Registros instantâneos de Andrei Tarkóvski
Mostra no Masp reúne oitenta polaroides e revela o talento do cineasta russo também na fotografia
Nenhum cinéfilo precisa de maiores apresentações quando se trata de Andrei Tarkóvski (1932-1986). Nome por trás de algumas obras-primas das mais sensíveis e metafísicas da história do cinema, caso de Andrei Rublev (1966), Stalker (1979) e O Sacrifício (1986), o diretor tornou-se objeto de culto pelos takes longos e pela direção de arte esfumaçada. Não à toa, ele está sendo homenageado com uma retrospectiva na 36ª Mostra Internacional de Cinema.
O talento do russo, contudo, estende-se também a outro tipo de câmera, a fotográfica: ele chegou a registrar mais de 300 polaroides. Oitenta delas, clicadas de 1979 a 1984, foram reunidas na mostra Luz Instantânea, em cartaz no subsolo do Masp, e em uma caprichada edição da Cosac Naify (160 páginas; R$ 48,00).
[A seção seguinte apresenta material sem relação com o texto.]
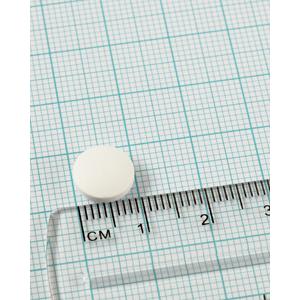 Selen Lamberts 60 tabletter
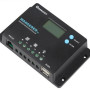 pwm_charge_controller_renogy.jpg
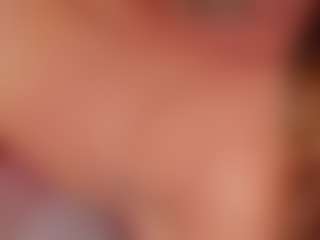 Miss Sasha's Live Sex Cam Show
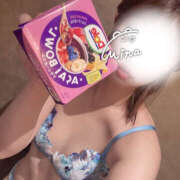 ヒメ日記 2025/09/08 00:02 投稿 みな ハピネス福岡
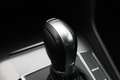 Volkswagen Golf Sportsvan 1.6 TDI Highline Automaat Adapt. Cruise, Navigatie Grijs - thumbnail 48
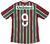 Fluminense 2009 Home adidas (M) - comprar online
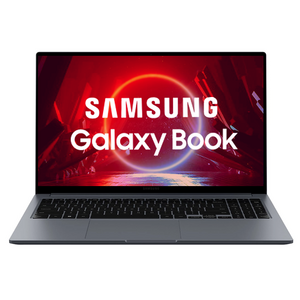 갤럭시북4 인텔i7 윈도우11 고성능 대학생 인강용 가성비 노트북 NT750XGR A71A 한컴오피스, 그레이, NT750XGR-A71A, 512GB, 16GB, Free DOS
Diminutas, as obras, apesar de mantidas em condições rígidas de temperatura, devem ser vistas pelo público enquanto ainda existem, já que as características das polaroides é começar a desbotar e não deixar negativos.
Tarkóvski fotografava nos intervalos de filmagens e no dia a dia. Os principais personagens dos trabalhos foram a sua mulher, Larissa Tarkovskaya, o filho deles, Andrei (curador da montagem, aliás), e o simpático cão da família, Dak (além de um gatinho menos presente, Grisha).
Os três aparecem retratados sempre sob um viés terno e gentil. Mas é nos espaços vazios — a casa de campo da família, um lago, o campanário de uma igreja, as ruas de uma cidade medieval — que o silêncio contamina o espectador e o obriga a se comover. O realizador consegue algo raro e admirável: suspender e, para citar o título de seu livro de memórias, esculpir o tempo.